Tarihsel, geleneksel, dinsel anlamını bir yana bırakıp günümüzde yaşadığımız bayramın ne anlama geldiğini düşündüm bu sabah.
Bir çocuk konuşmaya başladığı andan itibaren bakıyor ve anlamaya çalışıyor etrafını. Bir sabah keşfediyor bir farklılık olduğunu; kendi gibi herkes farklı giyinmiş, özel yemekler yapılmış, gelmeyenler gelmiş, hediye ve harçlık almış...
Her yıl biraz daha anlıyor bu özel günleri ve bir sevinç dolduruyor yüreğini...
Çocukluğumuzdan beri bildiğimiz ve resmî olarak kutlamaya zorlandığımız bayramlar vardı. 27 Mayıs Hürriyet, Egemenlik ve Anayasa Bayramı gibi. Şimdi öyle bir bayram yok mesela. Unutuldu gitti.
Oysa radyoda şarkılar çalardı, resmî geçitler düzenlenirdi.
Bazı bayramlar ise değersizleştirildi. Adı var, kendi yok!
Ramazan ve Kurban Bayramı ise hep aynı, hiç değişmedi.
Özünde İslam dini inanışından çıkan bu iki bayramda da inanmasa bile sevinç duydu insanlar. Bunun adına da “Bayram Sevinci” dendi.
Oruç tutmayan, kurbanda kurban kesmeyen hatta buna karşı olan insan bile duydu o sevinci. O da hazırlıyor kendini; tıraş oluyor mesela, güzel giyiniyor. Çünkü o güne bayram denmiş. Kızı gelecek, belki sevdiğini görecek, belki bir akrabasına gidecek.
Sırf adı bayram olduğu için birçok güzelliğe vesile olan bu özel günler bu yüzden çok seviliyor.
Sadece tatil olduğu için sevinen bile var. Bu da bir sevinç kaynağı çünkü.
Bayram sevinci çok önemli. Hayata renk katan, anlamlandıran bir şey.
Eskiden babam, “Gelen komşu düğünü değil, bayram” derdi. Bu söz bayramın ne kadar önemli olduğunu göstermiyor mu?

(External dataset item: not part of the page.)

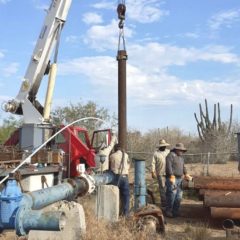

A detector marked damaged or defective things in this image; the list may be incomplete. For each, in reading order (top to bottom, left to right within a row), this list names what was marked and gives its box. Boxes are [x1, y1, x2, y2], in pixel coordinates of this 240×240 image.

rusty pipe [203, 190, 240, 207]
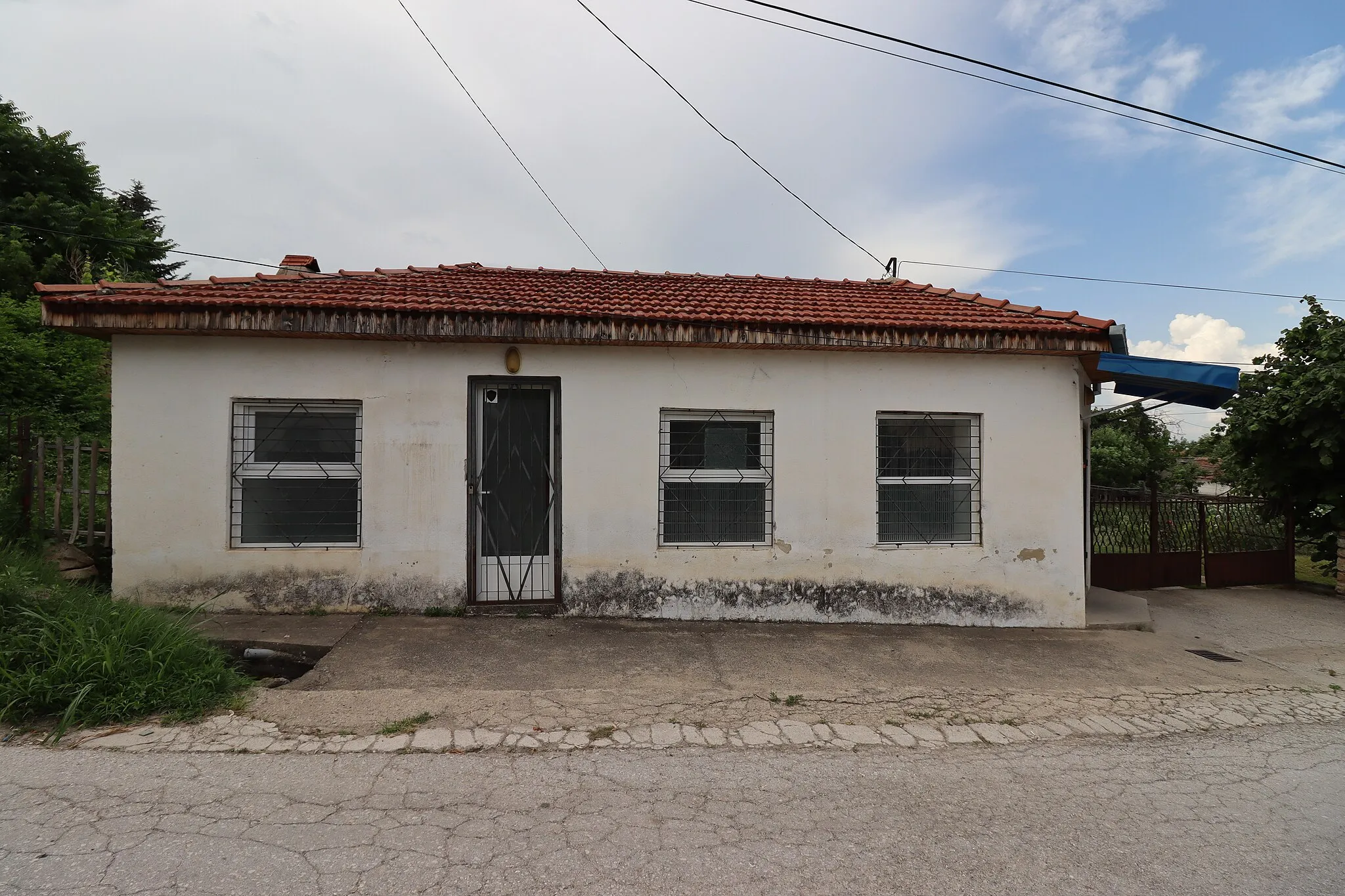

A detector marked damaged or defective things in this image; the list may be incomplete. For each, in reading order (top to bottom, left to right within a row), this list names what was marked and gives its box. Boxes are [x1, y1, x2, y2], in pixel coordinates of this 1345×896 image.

Yüreğiniz ömrünüz boyunca bayram sevinciyle dolsun. Sevenlerinizden, sevdiklerinizden vakitsizce ayırmasın.
Şunu hiçbir zaman unutmayalım.
Bir bayram var ki o bayram olmasa hiçbir bayramımız olmaz, hiçbirini kutlayamayız.
O bayramın adı:
29 EKİM CUMHURİYET BAYRAMI’DIR.
“Sevinç varsa umut daima vardır. Umut varsa sevinç mutlaka olacaktır.”
Bayramımız hep kutlu olsun.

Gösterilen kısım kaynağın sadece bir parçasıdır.